Una calurosa noche de diciembre, cuando terminaba mi último año de estudios, llegó una joven pareja muy simpática y extrovertida. Él muy alto y delgado: ella, más bien bajita, levemente gruesa, blanca y rubia con el pelo tomado atrás como cola de caballo. Se maravillaron con los platos de Renard de los cuales nosotros ya sabíamos de memoria los nombres en francés, sus ingredientes y método de cocción.
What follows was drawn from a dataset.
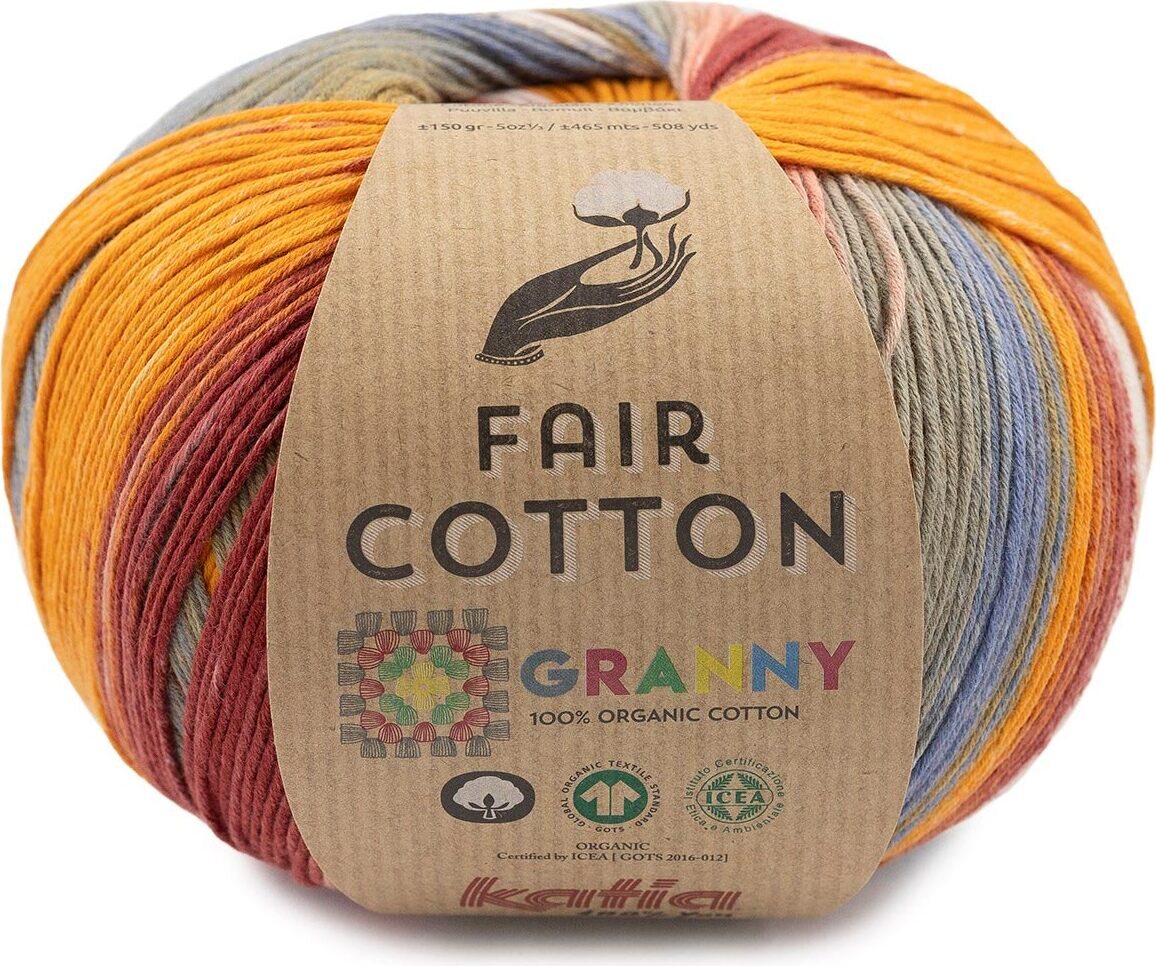 Katia Fair Cotton Granny 302 sini-puna-okra-hiekka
Les gustaba especialmente el volumen que adquirían las pequeñas torres que se erigían como castillos de naipes, formadas por fetas de carnes, ramitas de verduras y rodajas de papas o de zanahorias caramelizadas; como también las figuras dibujadas con los trazos de salsa sobre el fondo blanco del plato.

Cuando se fueron, ya tarde, me dijeron con las mismas palabras, lo que expresaron la primera vez Alberto y Ana: volverían cuantas veces desearan comer bien en un restaurante, y nos recomendarían con entusiasmo a sus amigos. Recién, cuando me dieron la espalda para irse, caí en cuenta lo grave que eso podría significar para mí. Entonces, sin querer deslicé en voz muy alta aquello que estaba pensando:

—Ojalá que se casen pronto.

Él volteó la cabeza hacia atrás por su izquierda y, me hizo un gesto exagerado de acritud. Ella, por su derecha, giró su rostro hacia mí, batiendo al aire su cola de cabello, y me recompensó con una amplísima sonrisa que, al cerrar a la vez un ojo, convertía al guiño en una expresión de aprecio y complicidad. Cuando la joven volvió a su camino, echó hacia atrás su mano izquierda y con el dedo índice punzó entre las nalgas al muchacho con tanta determinación que lo hizo saltar varios pasos hacia delante.